** WHAT IS EXPECTED **
Write out every entry again exactly as it stands.

= = = = =

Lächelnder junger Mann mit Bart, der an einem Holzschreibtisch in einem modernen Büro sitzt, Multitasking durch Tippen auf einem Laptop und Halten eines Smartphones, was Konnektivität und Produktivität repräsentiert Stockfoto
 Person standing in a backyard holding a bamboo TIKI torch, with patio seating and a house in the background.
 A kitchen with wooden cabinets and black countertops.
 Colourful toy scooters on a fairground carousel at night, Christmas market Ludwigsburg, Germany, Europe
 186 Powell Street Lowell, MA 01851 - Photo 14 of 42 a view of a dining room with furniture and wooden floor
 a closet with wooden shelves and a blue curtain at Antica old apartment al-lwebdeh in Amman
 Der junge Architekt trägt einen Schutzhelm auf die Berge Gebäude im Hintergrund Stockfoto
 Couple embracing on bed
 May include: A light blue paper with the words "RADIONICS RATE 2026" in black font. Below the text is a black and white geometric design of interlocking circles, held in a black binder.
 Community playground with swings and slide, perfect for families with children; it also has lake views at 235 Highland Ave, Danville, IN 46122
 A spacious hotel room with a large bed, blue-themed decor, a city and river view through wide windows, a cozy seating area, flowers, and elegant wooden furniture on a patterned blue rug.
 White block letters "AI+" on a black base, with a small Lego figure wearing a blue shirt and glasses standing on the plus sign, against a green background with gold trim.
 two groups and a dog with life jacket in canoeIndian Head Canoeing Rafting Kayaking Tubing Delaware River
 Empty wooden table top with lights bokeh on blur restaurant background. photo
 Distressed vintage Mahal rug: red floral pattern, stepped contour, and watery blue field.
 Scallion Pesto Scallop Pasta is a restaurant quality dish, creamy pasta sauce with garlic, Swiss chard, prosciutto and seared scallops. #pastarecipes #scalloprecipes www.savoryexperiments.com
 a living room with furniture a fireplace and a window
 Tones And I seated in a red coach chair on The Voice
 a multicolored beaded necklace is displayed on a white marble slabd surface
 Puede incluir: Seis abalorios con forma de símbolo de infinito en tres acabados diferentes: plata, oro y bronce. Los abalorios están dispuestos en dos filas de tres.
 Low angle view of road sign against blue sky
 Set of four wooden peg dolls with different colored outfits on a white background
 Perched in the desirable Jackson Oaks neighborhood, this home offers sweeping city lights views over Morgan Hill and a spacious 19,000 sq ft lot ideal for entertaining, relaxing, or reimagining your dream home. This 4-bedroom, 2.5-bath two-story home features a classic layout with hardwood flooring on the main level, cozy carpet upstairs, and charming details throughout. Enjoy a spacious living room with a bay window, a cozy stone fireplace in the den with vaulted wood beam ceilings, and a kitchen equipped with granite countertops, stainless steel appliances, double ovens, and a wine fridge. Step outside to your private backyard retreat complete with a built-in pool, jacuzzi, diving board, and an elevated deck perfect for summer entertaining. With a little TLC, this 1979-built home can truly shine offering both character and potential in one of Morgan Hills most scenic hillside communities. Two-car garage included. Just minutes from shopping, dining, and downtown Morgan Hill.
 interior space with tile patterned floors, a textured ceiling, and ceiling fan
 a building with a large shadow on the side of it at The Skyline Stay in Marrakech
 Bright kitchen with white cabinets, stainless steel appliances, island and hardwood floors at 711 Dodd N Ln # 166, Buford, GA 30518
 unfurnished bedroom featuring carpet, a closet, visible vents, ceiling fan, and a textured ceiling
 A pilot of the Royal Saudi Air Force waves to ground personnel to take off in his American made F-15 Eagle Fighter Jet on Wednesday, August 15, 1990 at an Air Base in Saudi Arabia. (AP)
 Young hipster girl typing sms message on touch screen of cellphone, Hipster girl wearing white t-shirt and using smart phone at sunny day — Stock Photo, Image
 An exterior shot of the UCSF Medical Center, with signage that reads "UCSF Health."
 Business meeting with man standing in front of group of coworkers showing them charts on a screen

= = = = =

** RESULT FOR THIS TASK **
Lächelnder junger Mann mit Bart, der an einem Holzschreibtisch in einem modernen Büro sitzt, Multitasking durch Tippen auf einem Laptop und Halten eines Smartphones, was Konnektivität und Produktivität repräsentiert Stockfoto
 Person standing in a backyard holding a bamboo TIKI torch, with patio seating and a house in the background.
 A kitchen with wooden cabinets and black countertops.
 Colourful toy scooters on a fairground carousel at night, Christmas market Ludwigsburg, Germany, Europe
 186 Powell Street Lowell, MA 01851 - Photo 14 of 42 a view of a dining room with furniture and wooden floor
 a closet with wooden shelves and a blue curtain at Antica old apartment al-lwebdeh in Amman
 Der junge Architekt trägt einen Schutzhelm auf die Berge Gebäude im Hintergrund Stockfoto
 Couple embracing on bed
 May include: A light blue paper with the words "RADIONICS RATE 2026" in black font. Below the text is a black and white geometric design of interlocking circles, held in a black binder.
 Community playground with swings and slide, perfect for families with children; it also has lake views at 235 Highland Ave, Danville, IN 46122
 A spacious hotel room with a large bed, blue-themed decor, a city and river view through wide windows, a cozy seating area, flowers, and elegant wooden furniture on a patterned blue rug.
 White block letters "AI+" on a black base, with a small Lego figure wearing a blue shirt and glasses standing on the plus sign, against a green background with gold trim.
 two groups and a dog with life jacket in canoeIndian Head Canoeing Rafting Kayaking Tubing Delaware River
 Empty wooden table top with lights bokeh on blur restaurant background. photo
 Distressed vintage Mahal rug: red floral pattern, stepped contour, and watery blue field.
 Scallion Pesto Scallop Pasta is a restaurant quality dish, creamy pasta sauce with garlic, Swiss chard, prosciutto and seared scallops. #pastarecipes #scalloprecipes www.savoryexperiments.com
 a living room with furniture a fireplace and a window
 Tones And I seated in a red coach chair on The Voice
 a multicolored beaded necklace is displayed on a white marble slabd surface
 Puede incluir: Seis abalorios con forma de símbolo de infinito en tres acabados diferentes: plata, oro y bronce. Los abalorios están dispuestos en dos filas de tres.
 Low angle view of road sign against blue sky
 Set of four wooden peg dolls with different colored outfits on a white background
 Perched in the desirable Jackson Oaks neighborhood, this home offers sweeping city lights views over Morgan Hill and a spacious 19,000 sq ft lot ideal for entertaining, relaxing, or reimagining your dream home. This 4-bedroom, 2.5-bath two-story home features a classic layout with hardwood flooring on the main level, cozy carpet upstairs, and charming details throughout. Enjoy a spacious living room with a bay window, a cozy stone fireplace in the den with vaulted wood beam ceilings, and a kitchen equipped with granite countertops, stainless steel appliances, double ovens, and a wine fridge. Step outside to your private backyard retreat complete with a built-in pool, jacuzzi, diving board, and an elevated deck perfect for summer entertaining. With a little TLC, this 1979-built home can truly shine offering both character and potential in one of Morgan Hills most scenic hillside communities. Two-car garage included. Just minutes from shopping, dining, and downtown Morgan Hill.
 interior space with tile patterned floors, a textured ceiling, and ceiling fan
 a building with a large shadow on the side of it at The Skyline Stay in Marrakech
 Bright kitchen with white cabinets, stainless steel appliances, island and hardwood floors at 711 Dodd N Ln # 166, Buford, GA 30518
 unfurnished bedroom featuring carpet, a closet, visible vents, ceiling fan, and a textured ceiling
 A pilot of the Royal Saudi Air Force waves to ground personnel to take off in his American made F-15 Eagle Fighter Jet on Wednesday, August 15, 1990 at an Air Base in Saudi Arabia. (AP)
 Young hipster girl typing sms message on touch screen of cellphone, Hipster girl wearing white t-shirt and using smart phone at sunny day — Stock Photo, Image
 An exterior shot of the UCSF Medical Center, with signage that reads "UCSF Health."
 Business meeting with man standing in front of group of coworkers showing them charts on a screen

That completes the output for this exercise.